Healed of the Sin of Religion: At Church with Sara Miles

I just read an article about a set of emerging renewed churches, two churches, actually, and one synagogue. And it was all about how we're making churches that aren't like those old-fashioned ones, they're places where we can feel comfortable.

But of course that's the impulse shared by members of the most conservative old-school parish, where you just mumble your way through the mass. Church is a place where you're comfortable. And it's a place that certainly replicates class structures and racial structures.

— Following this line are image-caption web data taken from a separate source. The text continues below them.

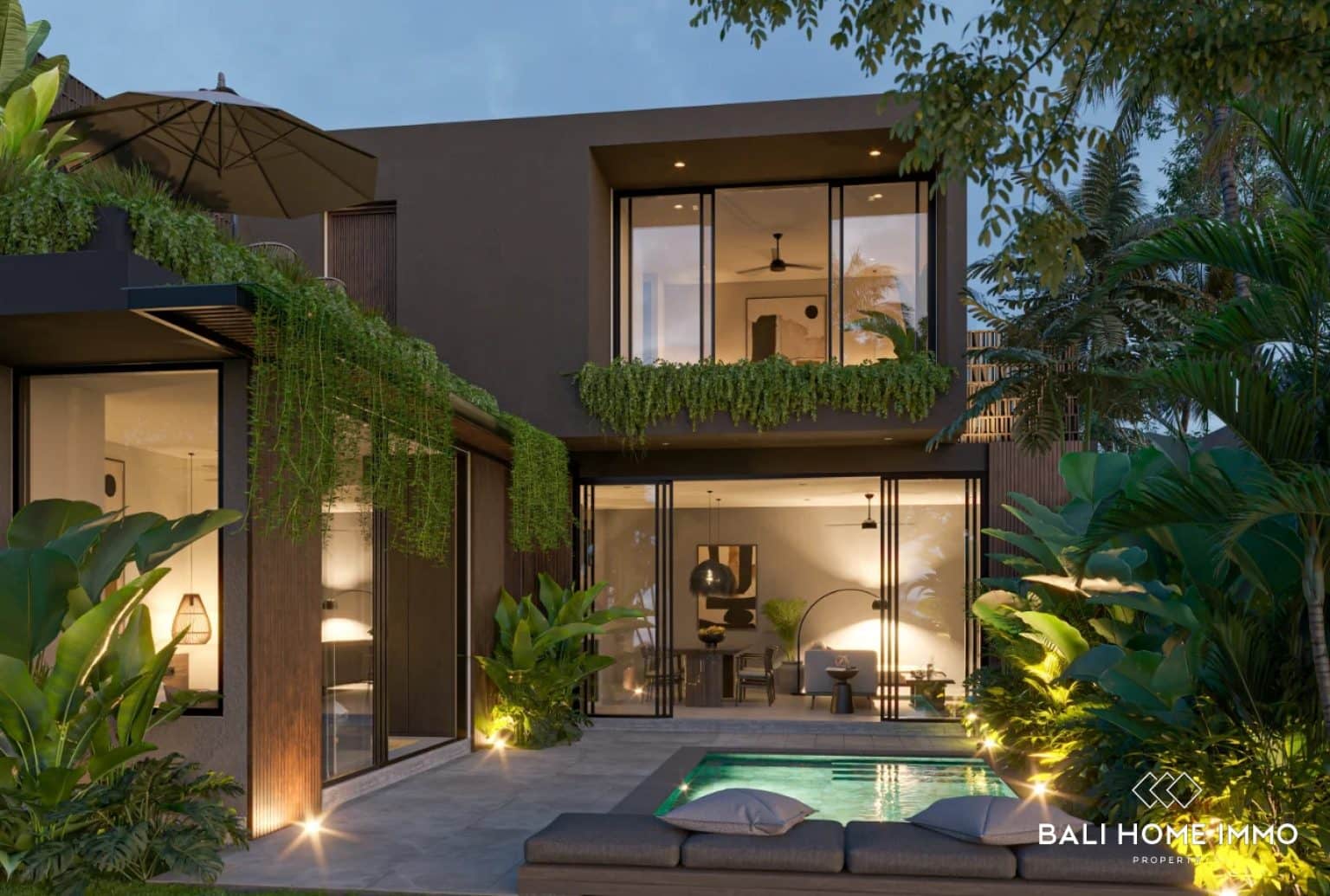 2-bedroom leasehold villa in Ungasan — photo 3 of 5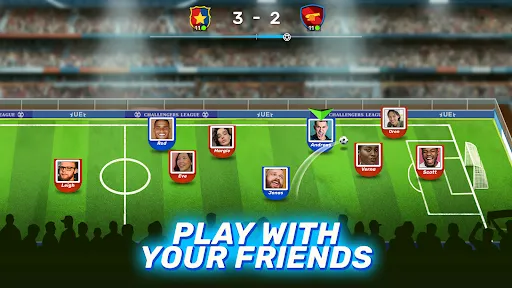Soccer Clash: Football Game | Games | XWorld
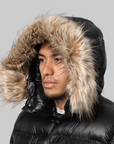 Duemila Puffer - Black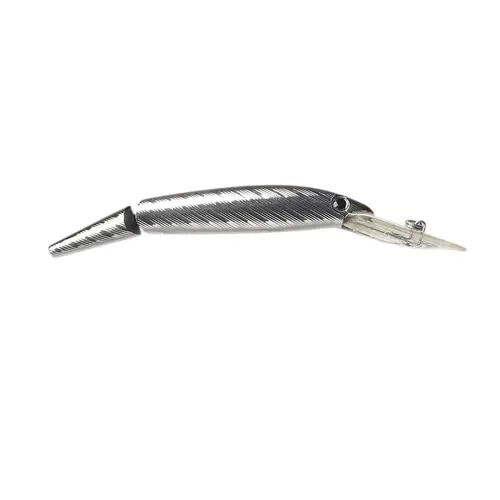 Predator Minnow Jointed Bait, 5 1/2" Predator Minnow Jointed Bait, 5 1/2"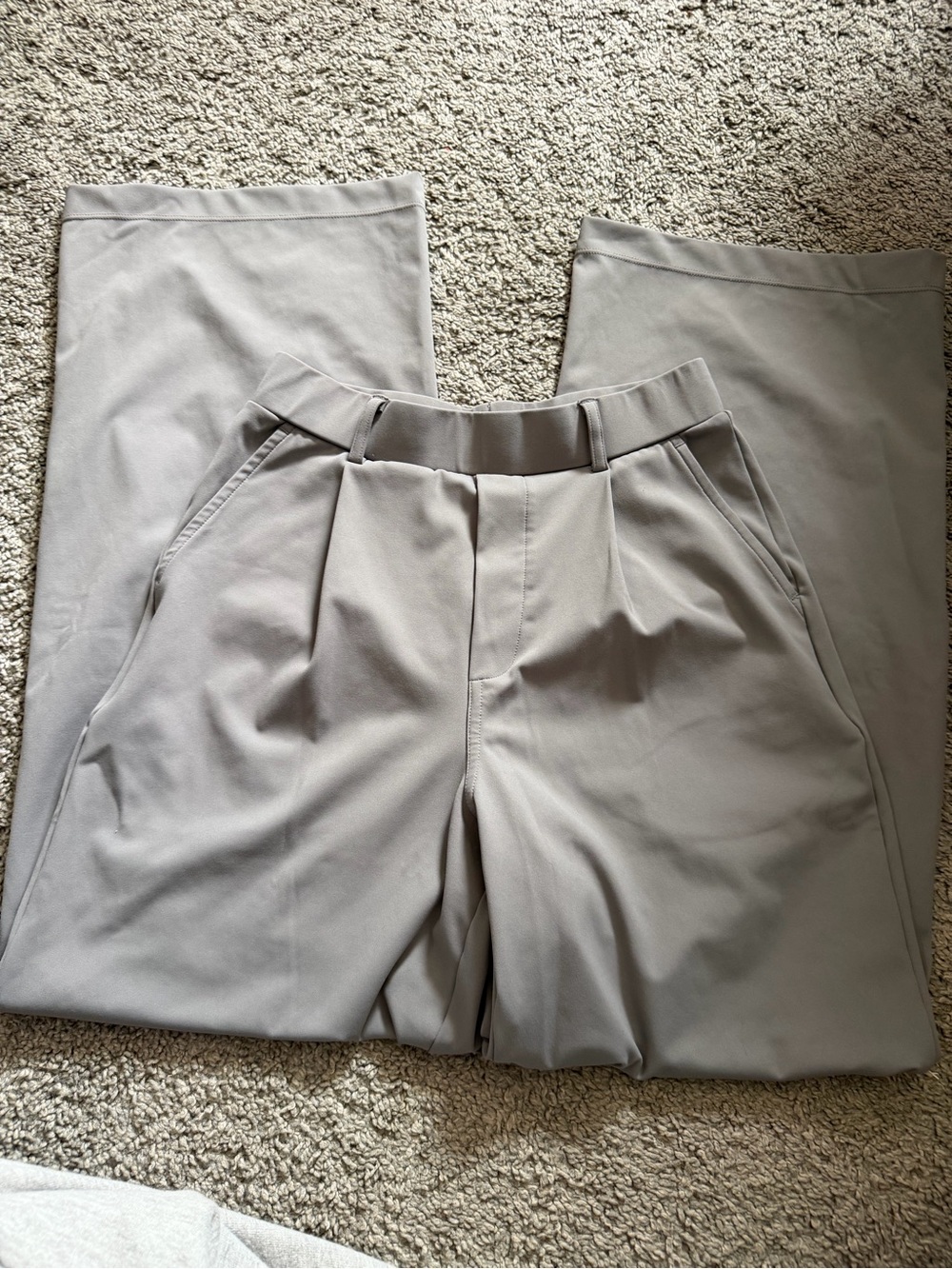 Halara Stretch Straight Leg Business Pants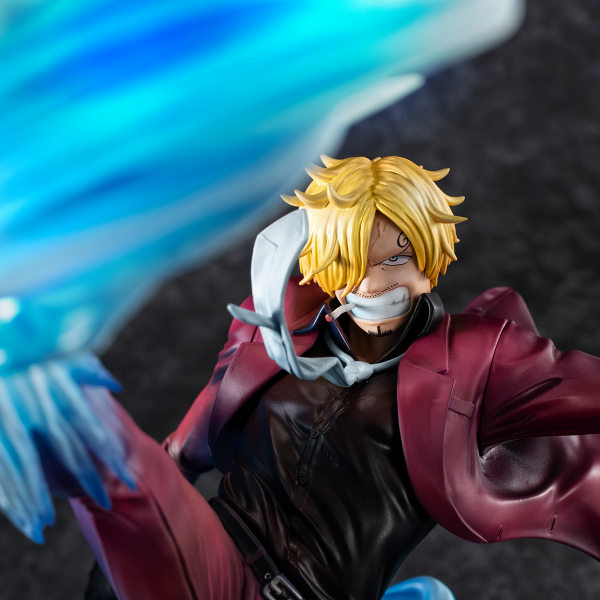 MegaHouse Portrait.Of.Pirates ONE PIECE “K×MAXIMUM”Sanji(4535123716553)(4535123716553)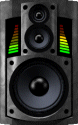 Audio graphics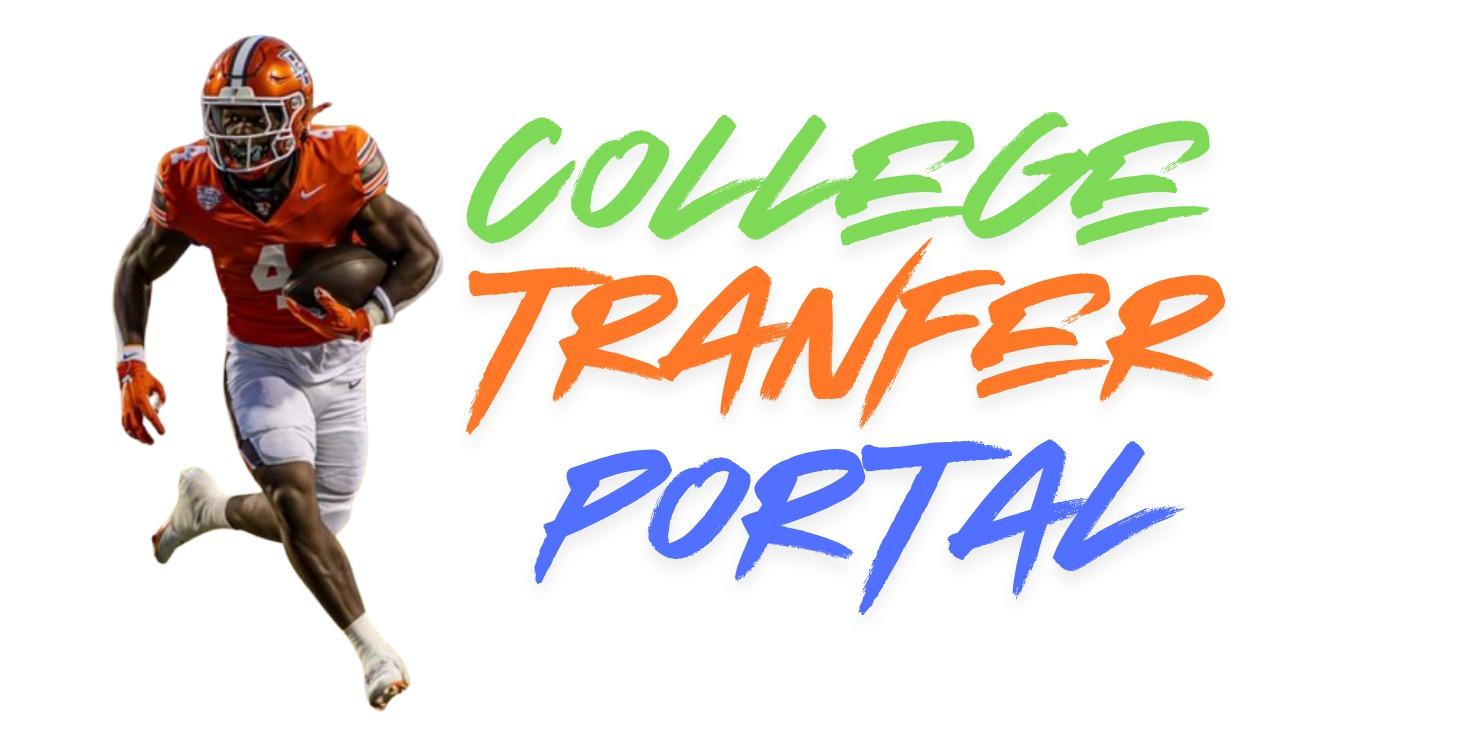 What is the NCAA transfer portal?
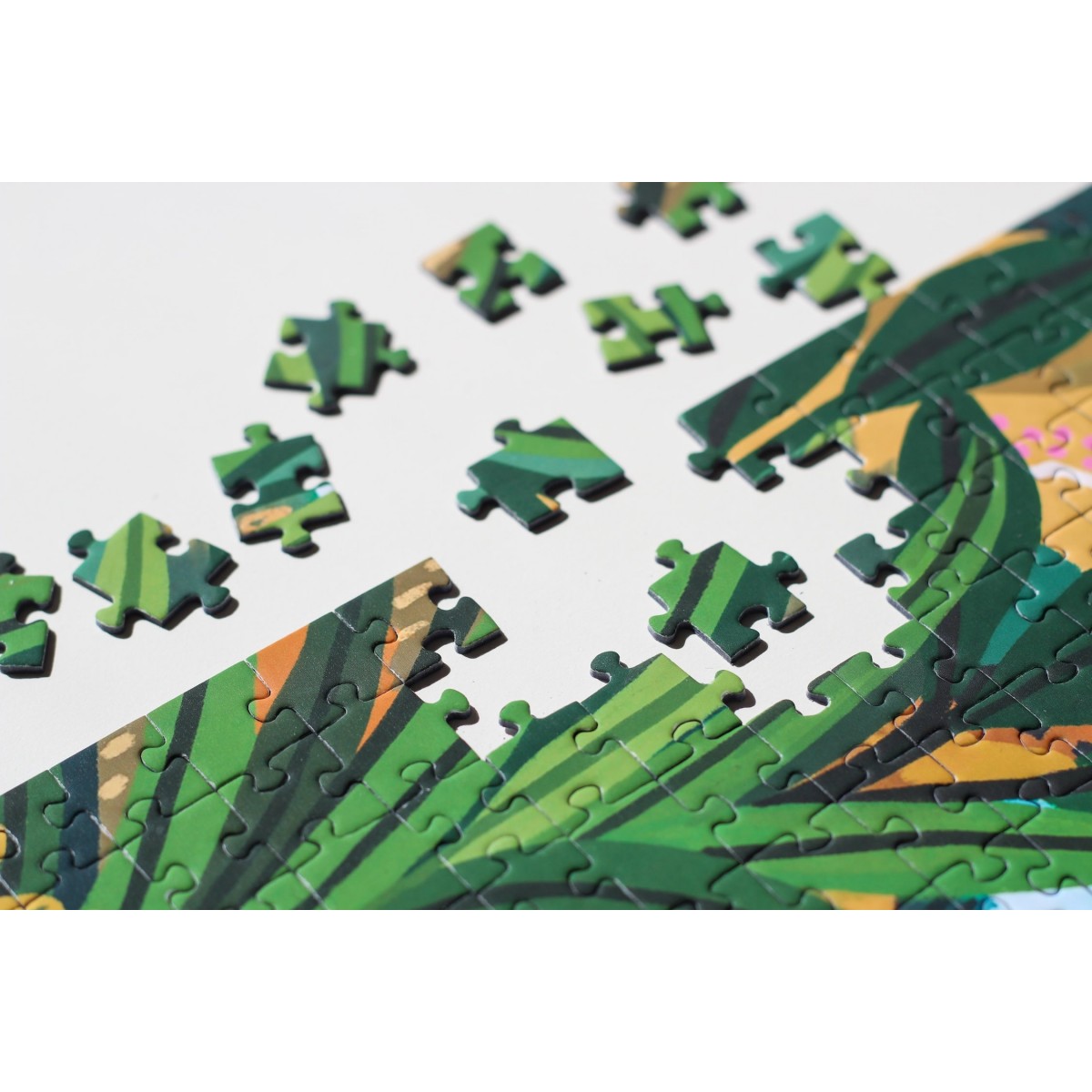 Piecely Snowdonia Puzzle, 1000 Teile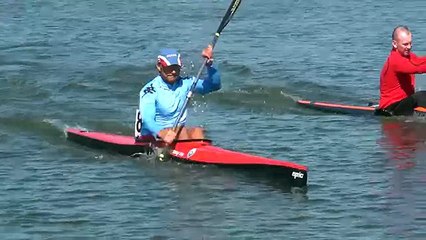 Гребля на байдарках. Быстрые вёсла-2014. Владивосток(1)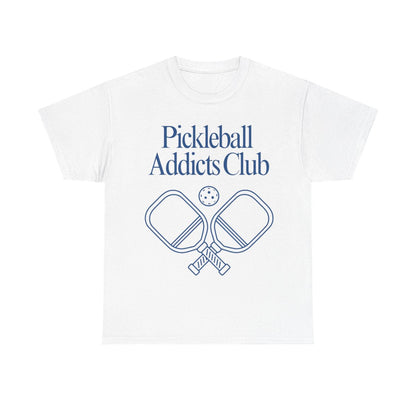 PICKLEBALL ADDICTS CLUB - Pickleball (Dri Fit) - GRANDSLAM PH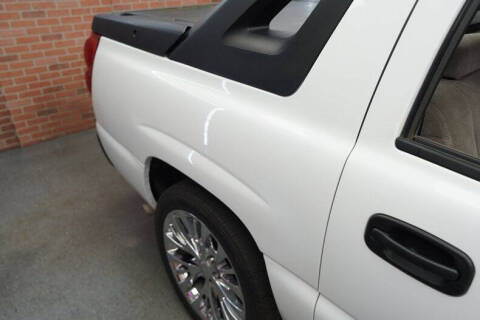 2005 Chevrolet Avalanche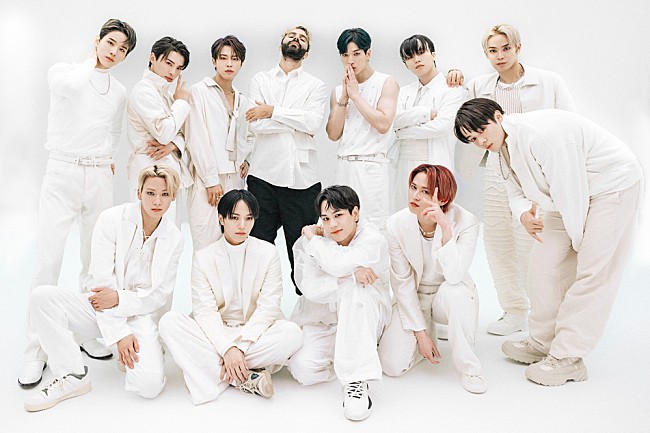 「JO1、YSL BEAUTY＆R3HABとコラボした「Eyes On Me (feat.R3HAB)」配信スタート」1枚目/2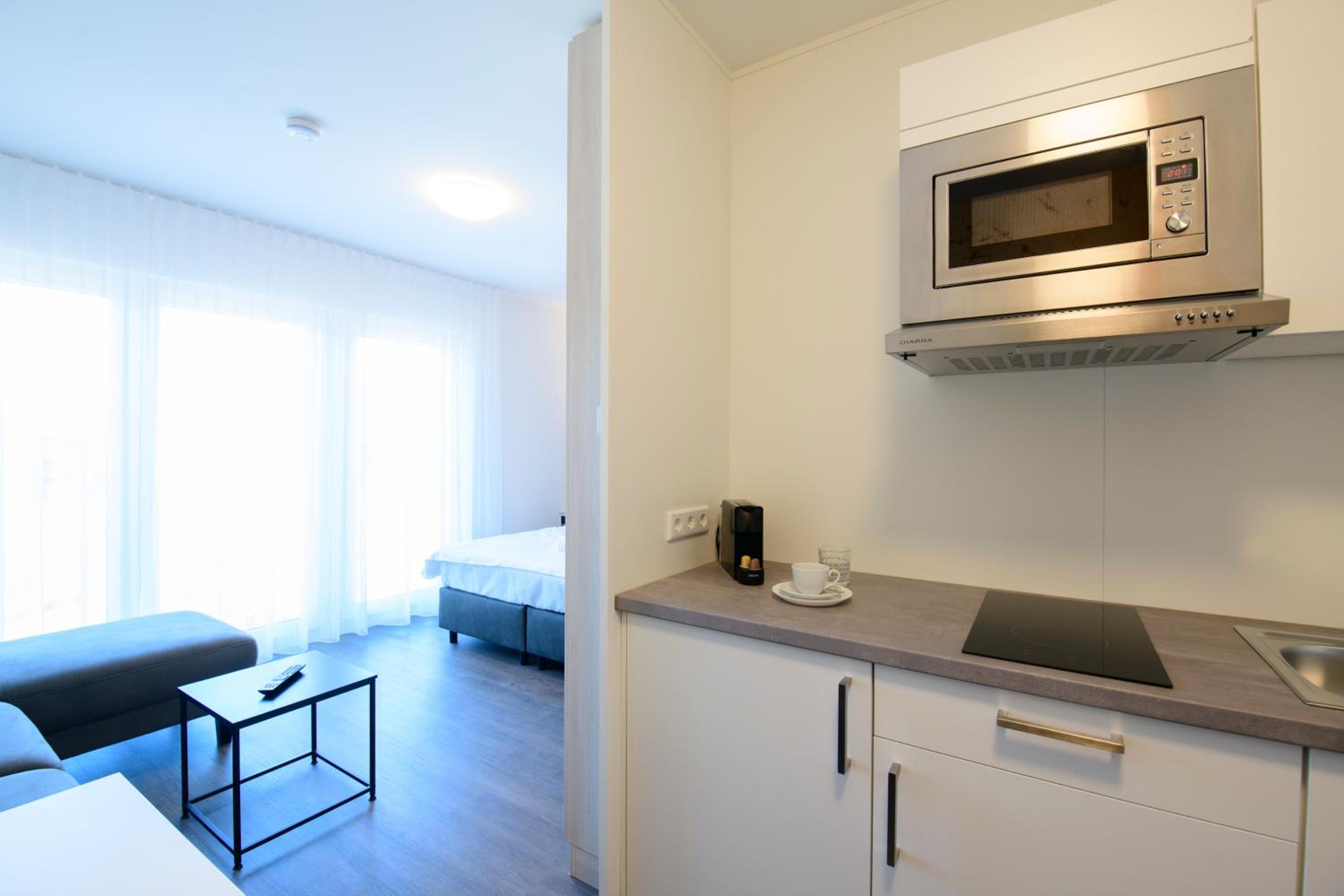 Smart  Stay Aparthotel Saarbrucken Sud - Self-Check-In - Free Parking - Property Image 1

You go where you feel you belong (the phrase "our church home" is telling). Of course I understand that people want to feel at home. You live in capitalism, to be crude about it; you live in a hard place, and you want a place that feels authentic and real and where you can be yourself. But what I see over and over again is this inability to tell the difference between tradition and nostalgia.

And so, whereas I think there's incredible power in trying to recuperate tradition and reflect on it and consciously appropriate it, there's also this individual and social psychology of clinging to tradition, and "if we just keep doing the same things over and over again we'll be okay." Which is, of course, idolatry.

It was interesting to me that you make very clear distinctions among "religion," the church, theology, and practice. You say, for example, that religion is "a set of ideas about God." You don't talk much about sin, but when you do it's this surprising reading of the story of the Canaanite woman (from Matthew) in which Jesus has to be "healed of the sin of religion."

As someone who is not a scholar of religion, there are a couple of things that struck me when I became a believer. One is, of course, that every religion claims that it has the inherent path to truth, when in fact it is a catalog and piling on of heresies. You pile the heresies on top of each other and the ones that last become orthodoxy. There's a constant re-making of religion.

So, there's this desire for "pure" religion, and then there's actually how it's made. And how it's made is how all cultural stuff is made: people pile stuff on. And they sometimes fight over it, and they win by violence, and they win by persuasion. It's a cultural artifact that's made by people. Religion can also very easily become a way to manage God; this is why people say they lose their religion when bad things happen to them.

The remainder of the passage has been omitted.